参考書ではお決まりのパターンだったが、現実でもやはり回避不可だった。
「あっ、アリッサ!? ちょうどよかった、実は話したいことが…………アリッサ? どうかした?」
話しかけてきたセオ様から、ぎこちなく目を逸らす。瞬時になにか感じ取ったらしい彼が、わたしの視界に無理やり入って来ようとする。逃れるように、ますます顔を背けた。
「あのっ、今は忙しいので、また今度にしてください!」
そう言って脱兎のごとく逃げ出そうしたが、相手が悪かった。一歩踏み出すことも叶わぬまま、肩を掴まれてくるりと半回転させられる。なにが起きたかわからないまま、わたしは彼と向き合わされていた。騎士怖い。

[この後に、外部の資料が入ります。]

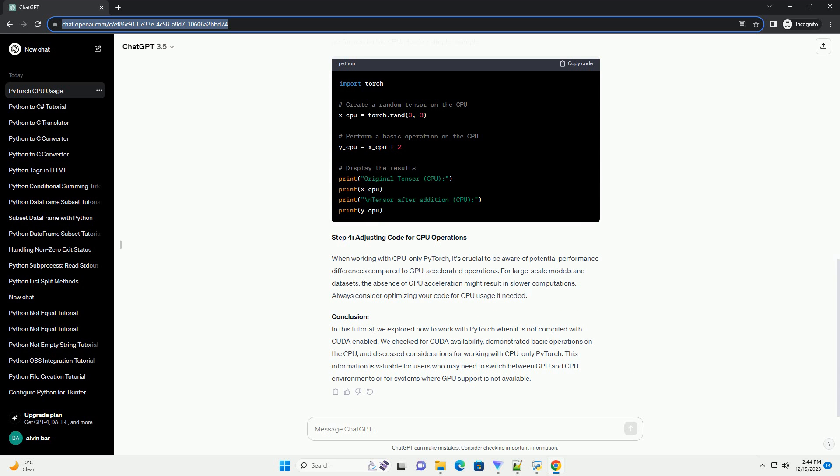Step 2: Verify CUDA Availability. To determine if PyTorch is compiled with CUDA enabled, you can run the following code snippet. If CUDA is available, you'll see the first message, otherwise, you'll see the second one.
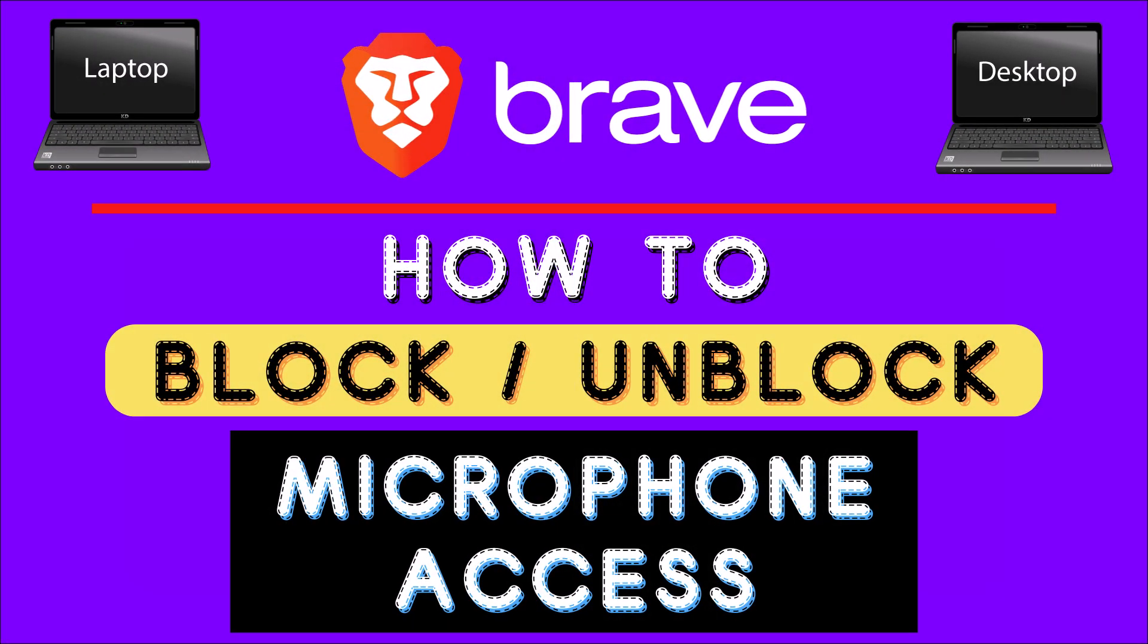This is going to be a video tutorial on how to block or unblock microphone access in the Brave web browser. I will be using a desktop PC for this.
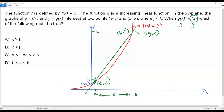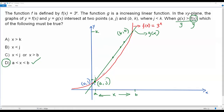The correct answer choice for this question is option D: when x takes a value between a and b, g(x) is greater than f(x).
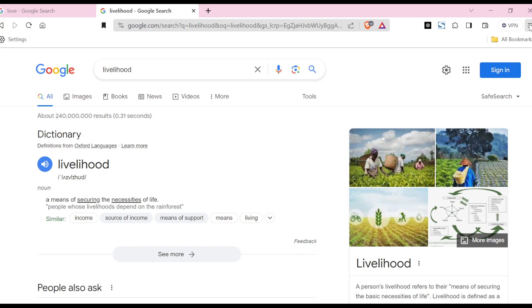If you want to open them, just click on the three dashes again, click on Bookmarks, and then click on 'Show Bookmarks' or 'Other Bookmarks', then the new folder, and you will see your bookmarks there.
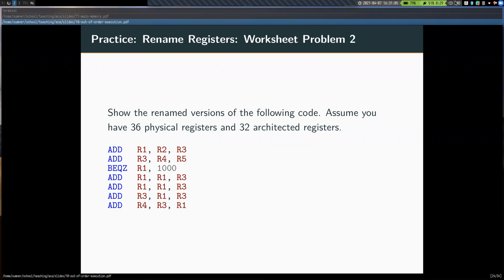A couple of things before we get started. First, homework three is due today. Feel free to post on Piazza any questions you have — I'll be up tonight. Regrade requests for homework two and the exam are open until Friday, since I won't get to them until the weekend. Worksheet 10 and possibly 11 will also be due on Friday.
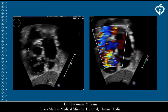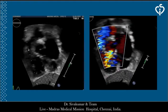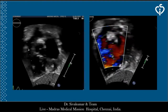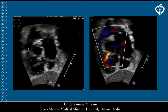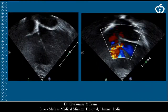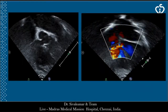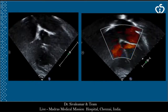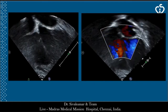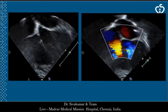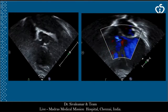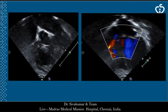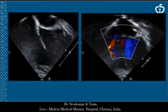This is her echo — the subcostal view which shows the perimembranous VSD. This is the apical 5-chamber view in which we can see the perimembranous VSD shunting left to right.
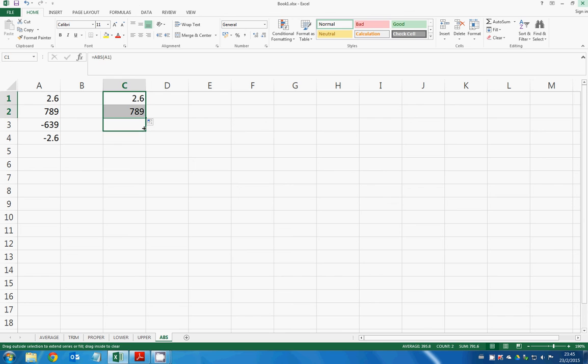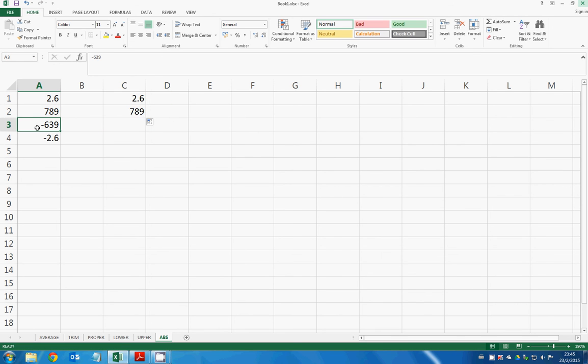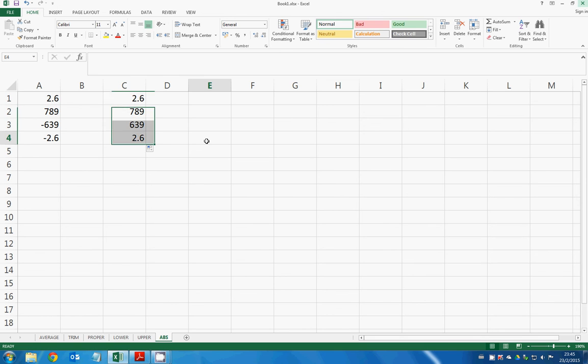So we drag it down. It still gives you the absolute value, and if you have a minus sign here, as you know, absolute value will eliminate the minus sign. So it will give you 639 and 2.6.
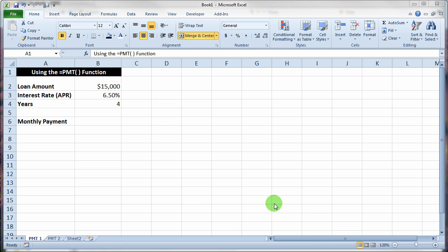This video is going to briefly discuss the use of the payment function or PMT function in Microsoft Excel. The PMT function is fairly easy to use and it'll tell you what regular payments on a loan amount will be given the number of periods you're going to pay off the loan and the interest rate for that loan.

セオ様はわたしの上から下までをつぶさに観察してから、怪訝そうに下手な嘘を指摘した。
「忙しそうには、見えないけど?」
確かに今から帰るところで、これから誰かと約束があるわけでもないが。帰って参考書に慰めを求めながら布団にこもるだけだが。
「なにかあった……?」
思いがけず剣呑な眼差しに晒されて、猫ににらまれた窮鼠のように冷や汗を流す。
なんで傷ついているはずのわたしが問い詰められているのだろう。理不尽過ぎる。
「……疲れてるだけです」
「……本当に?」
探るような視線から顔を背けて、ほんの少しだけ当て擦るような子供っぽいことをしてしまう。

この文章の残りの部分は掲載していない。